(Excerpted data)

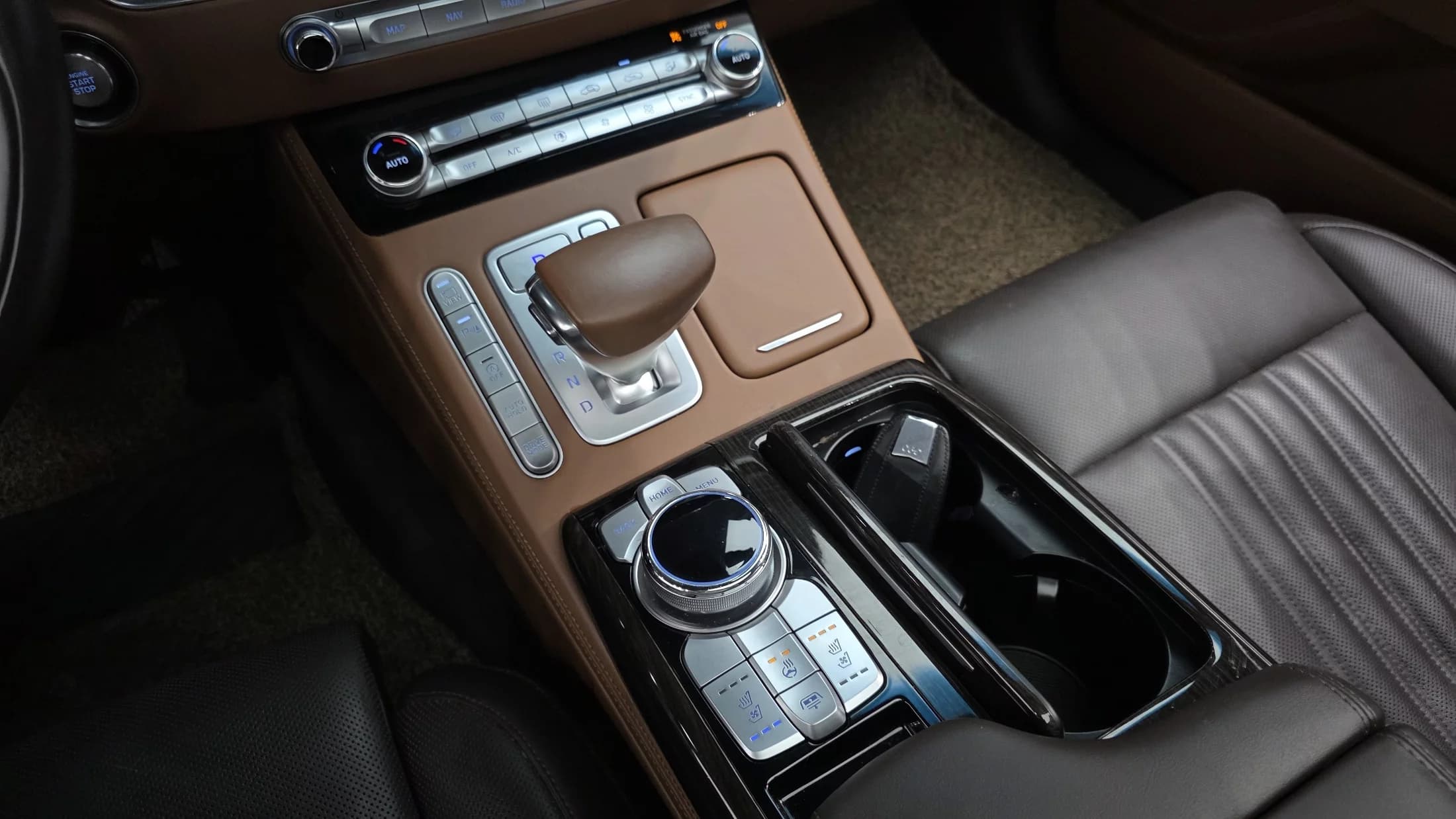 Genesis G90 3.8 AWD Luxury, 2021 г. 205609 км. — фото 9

(End Excerpted data)
(Excerpted data)

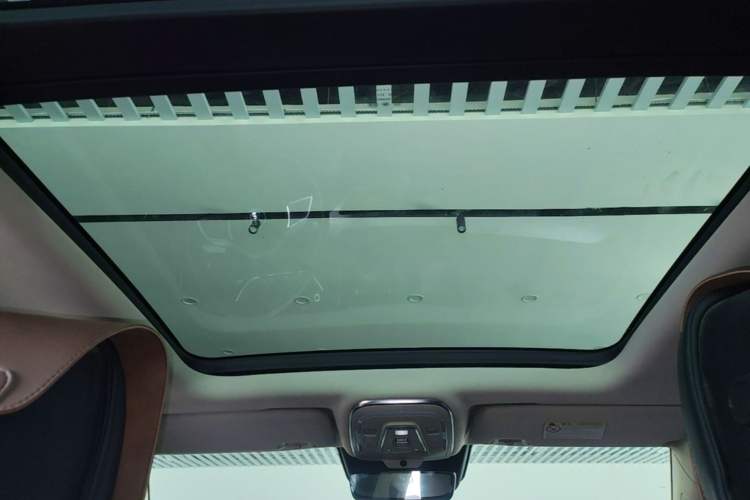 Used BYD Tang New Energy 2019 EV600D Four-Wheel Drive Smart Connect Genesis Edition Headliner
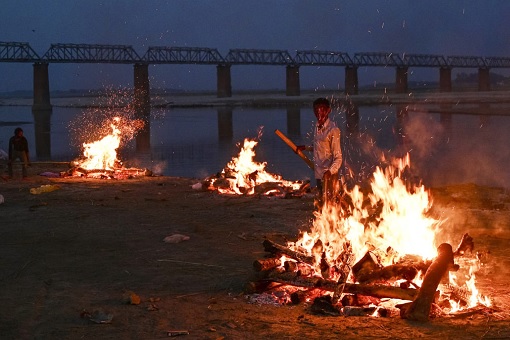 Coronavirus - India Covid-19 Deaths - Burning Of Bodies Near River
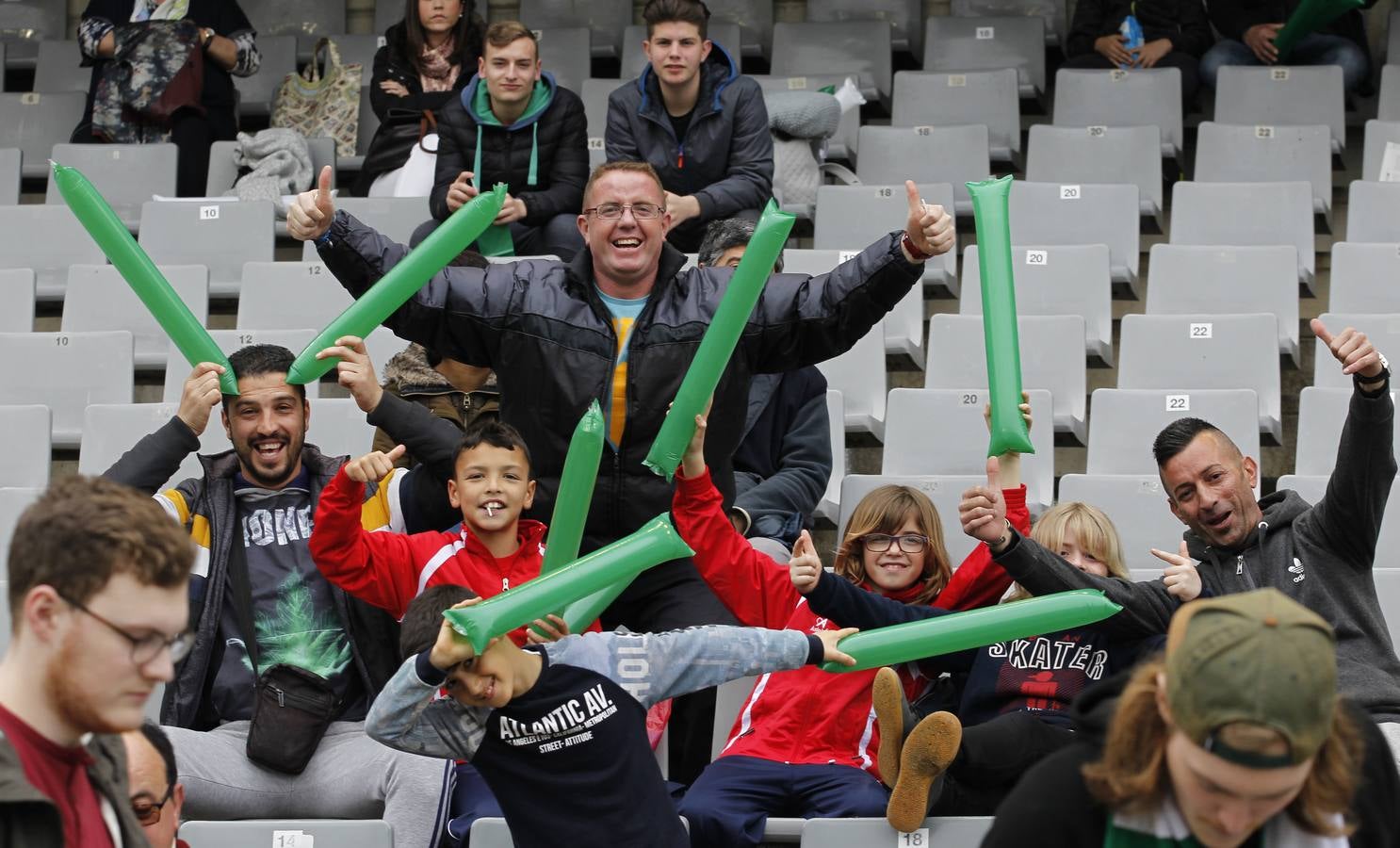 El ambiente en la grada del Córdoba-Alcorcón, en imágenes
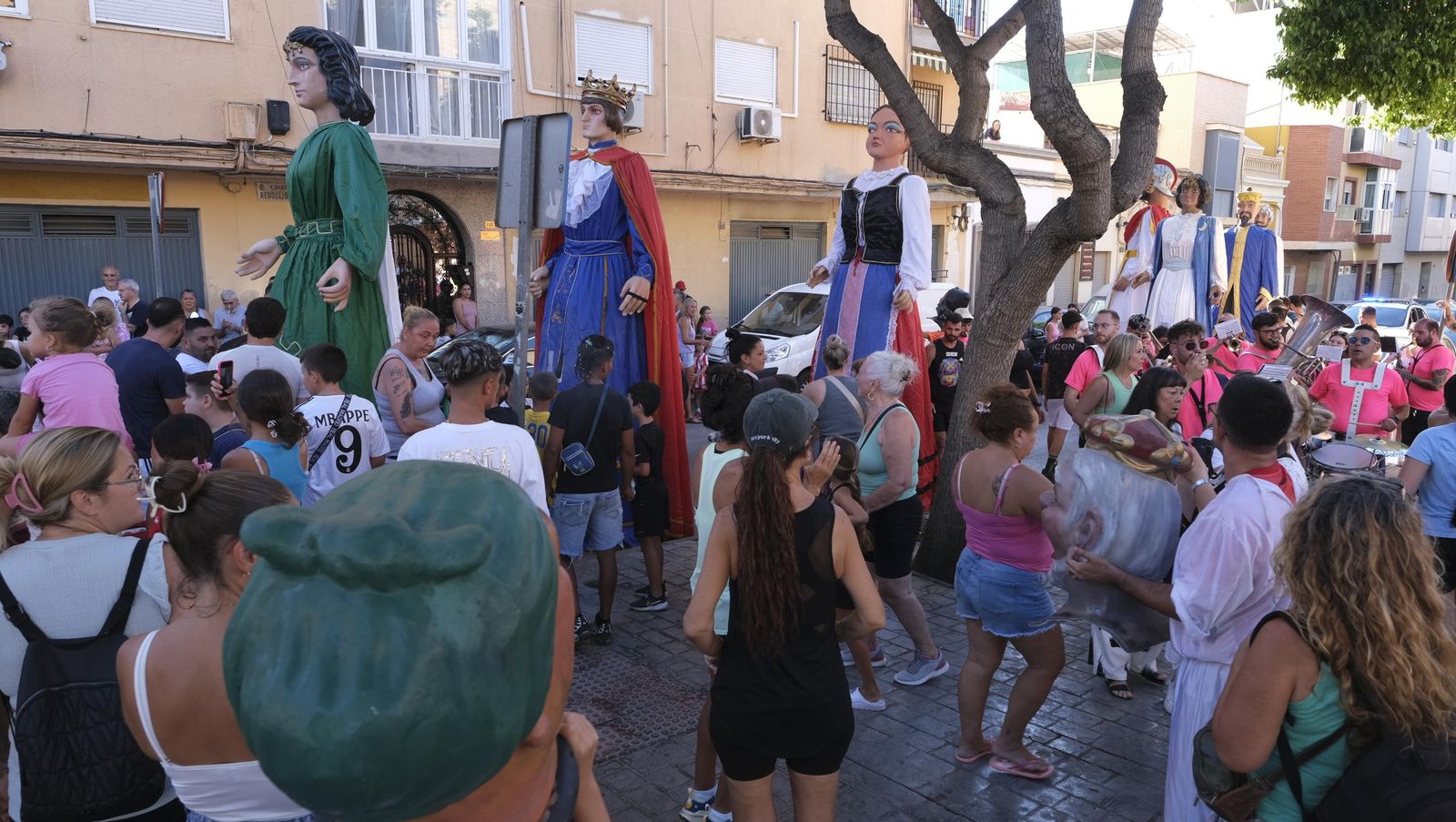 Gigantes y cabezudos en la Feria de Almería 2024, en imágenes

(End Excerpted data)
(Excerpted data)

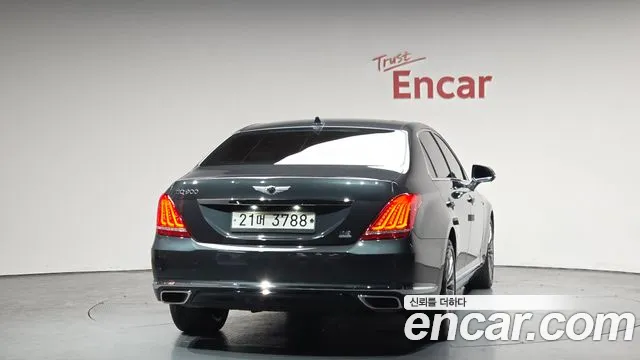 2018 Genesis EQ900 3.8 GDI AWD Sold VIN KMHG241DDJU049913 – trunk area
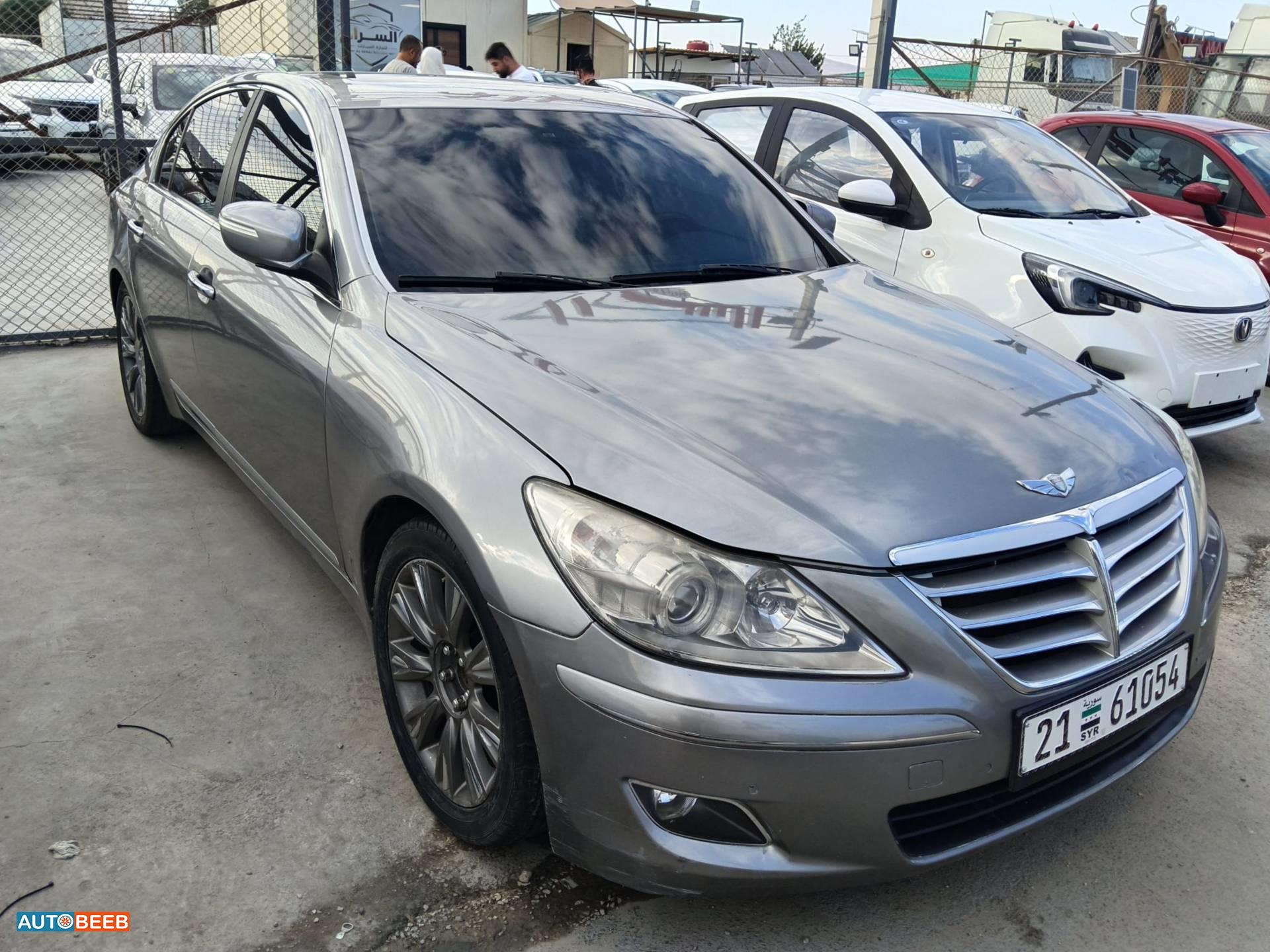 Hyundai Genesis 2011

(End Excerpted data)

#### [Directions for this task]
Restate word for word every line from the one with "Used BYD Tang" up to and including the one with "Gigantes y cabezudos" in the records above, minus the pictures.

#### [Result for this task]
 Used BYD Tang New Energy 2019 EV600D Four-Wheel Drive Smart Connect Genesis Edition Headliner
 Coronavirus - India Covid-19 Deaths - Burning Of Bodies Near River
 El ambiente en la grada del Córdoba-Alcorcón, en imágenes
 Gigantes y cabezudos en la Feria de Almería 2024, en imágenes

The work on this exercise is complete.